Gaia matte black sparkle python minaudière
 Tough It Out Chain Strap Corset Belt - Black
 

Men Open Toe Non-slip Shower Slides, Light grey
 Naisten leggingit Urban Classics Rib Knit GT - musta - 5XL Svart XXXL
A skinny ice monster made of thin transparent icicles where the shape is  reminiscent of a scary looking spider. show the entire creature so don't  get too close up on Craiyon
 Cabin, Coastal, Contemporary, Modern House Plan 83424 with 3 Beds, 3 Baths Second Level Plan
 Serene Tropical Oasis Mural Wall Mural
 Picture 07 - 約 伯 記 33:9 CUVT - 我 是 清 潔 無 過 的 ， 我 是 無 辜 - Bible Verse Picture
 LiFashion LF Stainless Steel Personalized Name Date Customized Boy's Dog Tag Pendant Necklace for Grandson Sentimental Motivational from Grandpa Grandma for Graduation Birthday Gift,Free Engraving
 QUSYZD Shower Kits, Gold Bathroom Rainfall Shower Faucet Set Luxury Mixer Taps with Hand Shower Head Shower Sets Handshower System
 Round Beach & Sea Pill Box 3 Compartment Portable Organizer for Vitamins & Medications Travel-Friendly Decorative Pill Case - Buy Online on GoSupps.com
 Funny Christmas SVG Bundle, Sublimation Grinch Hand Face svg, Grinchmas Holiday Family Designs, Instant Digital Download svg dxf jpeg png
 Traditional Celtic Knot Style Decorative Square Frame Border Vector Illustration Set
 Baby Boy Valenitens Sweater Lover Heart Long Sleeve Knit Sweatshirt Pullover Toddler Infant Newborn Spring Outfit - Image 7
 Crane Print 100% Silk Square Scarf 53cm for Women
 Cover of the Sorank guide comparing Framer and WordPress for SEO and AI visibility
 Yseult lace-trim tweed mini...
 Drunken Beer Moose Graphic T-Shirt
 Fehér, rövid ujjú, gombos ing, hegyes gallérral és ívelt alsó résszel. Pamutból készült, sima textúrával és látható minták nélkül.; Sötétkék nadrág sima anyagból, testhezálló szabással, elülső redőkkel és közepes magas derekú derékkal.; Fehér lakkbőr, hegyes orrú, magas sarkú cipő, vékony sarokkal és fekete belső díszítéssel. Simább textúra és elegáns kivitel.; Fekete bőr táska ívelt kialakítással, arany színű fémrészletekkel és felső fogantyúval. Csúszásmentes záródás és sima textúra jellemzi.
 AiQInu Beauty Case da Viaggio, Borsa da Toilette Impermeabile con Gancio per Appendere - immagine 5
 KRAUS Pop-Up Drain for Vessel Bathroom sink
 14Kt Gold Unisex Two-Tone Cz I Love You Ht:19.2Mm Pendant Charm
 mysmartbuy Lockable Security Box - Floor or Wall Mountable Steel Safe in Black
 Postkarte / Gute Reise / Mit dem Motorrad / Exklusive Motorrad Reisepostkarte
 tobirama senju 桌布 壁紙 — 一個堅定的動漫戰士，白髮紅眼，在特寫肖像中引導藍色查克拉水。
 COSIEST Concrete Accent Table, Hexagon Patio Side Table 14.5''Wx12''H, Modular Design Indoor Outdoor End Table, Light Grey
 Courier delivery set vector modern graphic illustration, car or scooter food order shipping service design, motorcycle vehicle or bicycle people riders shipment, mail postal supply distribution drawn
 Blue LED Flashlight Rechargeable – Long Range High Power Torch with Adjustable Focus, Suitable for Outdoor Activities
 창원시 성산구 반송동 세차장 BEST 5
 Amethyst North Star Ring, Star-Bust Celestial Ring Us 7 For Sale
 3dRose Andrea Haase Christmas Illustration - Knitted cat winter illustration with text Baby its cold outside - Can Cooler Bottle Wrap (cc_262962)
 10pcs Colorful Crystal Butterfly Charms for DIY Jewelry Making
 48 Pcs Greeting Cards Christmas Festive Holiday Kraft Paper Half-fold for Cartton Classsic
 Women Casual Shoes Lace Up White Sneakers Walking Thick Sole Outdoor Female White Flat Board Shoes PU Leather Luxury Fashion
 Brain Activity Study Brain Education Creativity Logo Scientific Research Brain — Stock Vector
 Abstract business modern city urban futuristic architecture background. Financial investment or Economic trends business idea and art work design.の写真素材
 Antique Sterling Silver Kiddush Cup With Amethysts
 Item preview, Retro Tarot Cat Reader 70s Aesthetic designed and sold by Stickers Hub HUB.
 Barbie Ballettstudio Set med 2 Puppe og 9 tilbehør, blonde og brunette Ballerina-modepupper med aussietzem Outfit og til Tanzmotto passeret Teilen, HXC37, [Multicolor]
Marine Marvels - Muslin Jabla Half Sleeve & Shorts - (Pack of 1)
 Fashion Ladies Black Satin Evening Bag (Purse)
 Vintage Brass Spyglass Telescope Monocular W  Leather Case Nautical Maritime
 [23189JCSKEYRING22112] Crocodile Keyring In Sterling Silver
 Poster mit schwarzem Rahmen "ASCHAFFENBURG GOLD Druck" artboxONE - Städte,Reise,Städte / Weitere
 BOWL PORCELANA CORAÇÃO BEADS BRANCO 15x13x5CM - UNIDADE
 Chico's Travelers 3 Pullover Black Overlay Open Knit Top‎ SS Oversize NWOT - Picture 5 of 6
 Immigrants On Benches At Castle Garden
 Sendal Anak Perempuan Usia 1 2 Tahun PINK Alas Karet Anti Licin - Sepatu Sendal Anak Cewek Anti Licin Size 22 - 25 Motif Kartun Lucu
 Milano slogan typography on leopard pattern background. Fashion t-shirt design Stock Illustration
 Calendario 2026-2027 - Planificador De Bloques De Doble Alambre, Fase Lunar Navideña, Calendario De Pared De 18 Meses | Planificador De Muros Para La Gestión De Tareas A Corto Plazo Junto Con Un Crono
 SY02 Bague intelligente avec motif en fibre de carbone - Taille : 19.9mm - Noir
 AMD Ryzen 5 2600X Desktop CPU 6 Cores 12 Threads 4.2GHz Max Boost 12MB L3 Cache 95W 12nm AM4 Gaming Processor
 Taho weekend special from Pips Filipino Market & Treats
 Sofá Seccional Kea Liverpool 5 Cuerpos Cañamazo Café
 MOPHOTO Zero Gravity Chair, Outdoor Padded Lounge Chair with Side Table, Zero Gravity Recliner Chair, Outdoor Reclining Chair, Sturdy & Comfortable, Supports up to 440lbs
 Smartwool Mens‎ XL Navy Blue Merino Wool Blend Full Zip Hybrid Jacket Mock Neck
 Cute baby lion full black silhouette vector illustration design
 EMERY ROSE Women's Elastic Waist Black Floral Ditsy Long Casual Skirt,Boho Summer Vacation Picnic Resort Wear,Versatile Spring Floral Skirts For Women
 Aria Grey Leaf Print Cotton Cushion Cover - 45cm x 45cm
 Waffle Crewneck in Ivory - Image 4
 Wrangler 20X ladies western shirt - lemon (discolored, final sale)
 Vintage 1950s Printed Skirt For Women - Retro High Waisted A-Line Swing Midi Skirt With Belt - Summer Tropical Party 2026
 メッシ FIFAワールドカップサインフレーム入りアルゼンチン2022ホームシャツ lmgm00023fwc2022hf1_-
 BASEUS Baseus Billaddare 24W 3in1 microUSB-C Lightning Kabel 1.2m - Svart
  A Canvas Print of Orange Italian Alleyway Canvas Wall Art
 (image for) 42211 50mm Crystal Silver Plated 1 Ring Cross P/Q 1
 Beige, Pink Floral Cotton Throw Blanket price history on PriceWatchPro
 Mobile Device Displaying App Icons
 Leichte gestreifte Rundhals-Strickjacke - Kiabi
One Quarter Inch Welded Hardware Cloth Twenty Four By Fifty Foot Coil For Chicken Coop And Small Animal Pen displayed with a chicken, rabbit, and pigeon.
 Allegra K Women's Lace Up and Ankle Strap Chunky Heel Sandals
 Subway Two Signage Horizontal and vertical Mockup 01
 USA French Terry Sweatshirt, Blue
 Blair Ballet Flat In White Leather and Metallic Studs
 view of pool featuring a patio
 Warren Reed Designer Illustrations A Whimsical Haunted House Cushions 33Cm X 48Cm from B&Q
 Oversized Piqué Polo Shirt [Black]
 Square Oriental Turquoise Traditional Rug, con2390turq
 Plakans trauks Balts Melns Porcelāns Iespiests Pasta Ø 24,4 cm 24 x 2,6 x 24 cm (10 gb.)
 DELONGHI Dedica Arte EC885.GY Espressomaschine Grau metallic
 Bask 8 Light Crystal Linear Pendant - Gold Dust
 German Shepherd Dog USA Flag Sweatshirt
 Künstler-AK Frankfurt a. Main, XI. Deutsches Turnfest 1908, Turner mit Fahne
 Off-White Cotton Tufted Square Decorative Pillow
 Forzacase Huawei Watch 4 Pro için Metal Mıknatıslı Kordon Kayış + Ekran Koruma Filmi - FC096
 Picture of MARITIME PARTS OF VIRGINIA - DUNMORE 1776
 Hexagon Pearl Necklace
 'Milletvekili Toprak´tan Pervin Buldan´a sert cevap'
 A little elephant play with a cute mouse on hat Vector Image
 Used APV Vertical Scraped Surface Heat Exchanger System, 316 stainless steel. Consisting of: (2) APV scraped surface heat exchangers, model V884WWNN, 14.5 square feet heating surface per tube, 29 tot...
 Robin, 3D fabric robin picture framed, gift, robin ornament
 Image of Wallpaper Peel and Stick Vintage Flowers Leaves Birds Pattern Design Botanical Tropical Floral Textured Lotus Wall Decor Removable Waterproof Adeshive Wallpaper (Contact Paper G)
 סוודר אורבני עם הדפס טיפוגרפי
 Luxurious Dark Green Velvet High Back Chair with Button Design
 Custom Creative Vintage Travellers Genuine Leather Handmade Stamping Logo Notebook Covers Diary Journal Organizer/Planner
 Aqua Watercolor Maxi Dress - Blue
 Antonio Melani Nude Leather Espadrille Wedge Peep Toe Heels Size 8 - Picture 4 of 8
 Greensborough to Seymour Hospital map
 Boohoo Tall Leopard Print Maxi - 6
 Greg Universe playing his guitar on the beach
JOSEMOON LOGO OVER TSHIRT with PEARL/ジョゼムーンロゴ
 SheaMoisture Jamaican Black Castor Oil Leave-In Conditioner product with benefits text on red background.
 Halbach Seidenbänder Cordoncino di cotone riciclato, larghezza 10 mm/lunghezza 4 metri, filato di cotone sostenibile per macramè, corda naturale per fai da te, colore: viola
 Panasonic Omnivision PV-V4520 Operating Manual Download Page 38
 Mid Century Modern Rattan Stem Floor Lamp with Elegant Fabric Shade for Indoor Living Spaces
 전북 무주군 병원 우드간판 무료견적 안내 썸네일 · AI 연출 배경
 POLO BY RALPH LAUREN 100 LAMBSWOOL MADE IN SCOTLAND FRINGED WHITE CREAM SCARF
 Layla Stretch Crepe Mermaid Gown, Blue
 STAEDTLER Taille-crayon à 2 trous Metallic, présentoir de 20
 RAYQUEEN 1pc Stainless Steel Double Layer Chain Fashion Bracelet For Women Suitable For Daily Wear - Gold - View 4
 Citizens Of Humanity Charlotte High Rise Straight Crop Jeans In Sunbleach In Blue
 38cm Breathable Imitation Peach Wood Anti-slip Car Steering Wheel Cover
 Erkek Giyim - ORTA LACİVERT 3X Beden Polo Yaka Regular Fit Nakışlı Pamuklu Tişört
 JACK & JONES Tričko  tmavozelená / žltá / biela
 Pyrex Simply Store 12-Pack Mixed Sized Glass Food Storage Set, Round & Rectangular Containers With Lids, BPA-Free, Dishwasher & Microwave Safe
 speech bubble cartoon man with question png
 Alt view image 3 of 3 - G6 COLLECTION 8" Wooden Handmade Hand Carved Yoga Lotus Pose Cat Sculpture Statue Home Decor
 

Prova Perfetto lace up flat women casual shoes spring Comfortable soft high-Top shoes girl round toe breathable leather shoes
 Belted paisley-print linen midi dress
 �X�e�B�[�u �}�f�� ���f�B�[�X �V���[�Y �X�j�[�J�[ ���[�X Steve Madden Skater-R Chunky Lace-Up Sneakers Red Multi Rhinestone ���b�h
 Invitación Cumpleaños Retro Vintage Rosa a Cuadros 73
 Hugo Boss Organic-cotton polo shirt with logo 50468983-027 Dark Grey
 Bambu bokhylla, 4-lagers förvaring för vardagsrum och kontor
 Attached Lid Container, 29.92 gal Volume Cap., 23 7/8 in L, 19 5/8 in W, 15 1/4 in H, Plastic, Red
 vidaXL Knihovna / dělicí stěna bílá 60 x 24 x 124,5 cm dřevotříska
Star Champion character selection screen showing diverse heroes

----

#### [Exercise]
All lines above between those holding "Cute baby lion" and "Aria Grey Leaf", inclusive, must be set down unchanged, and no other line may be included.

#### [Response to this exercise]
 Cute baby lion full black silhouette vector illustration design
 EMERY ROSE Women's Elastic Waist Black Floral Ditsy Long Casual Skirt,Boho Summer Vacation Picnic Resort Wear,Versatile Spring Floral Skirts For Women
 Aria Grey Leaf Print Cotton Cushion Cover - 45cm x 45cm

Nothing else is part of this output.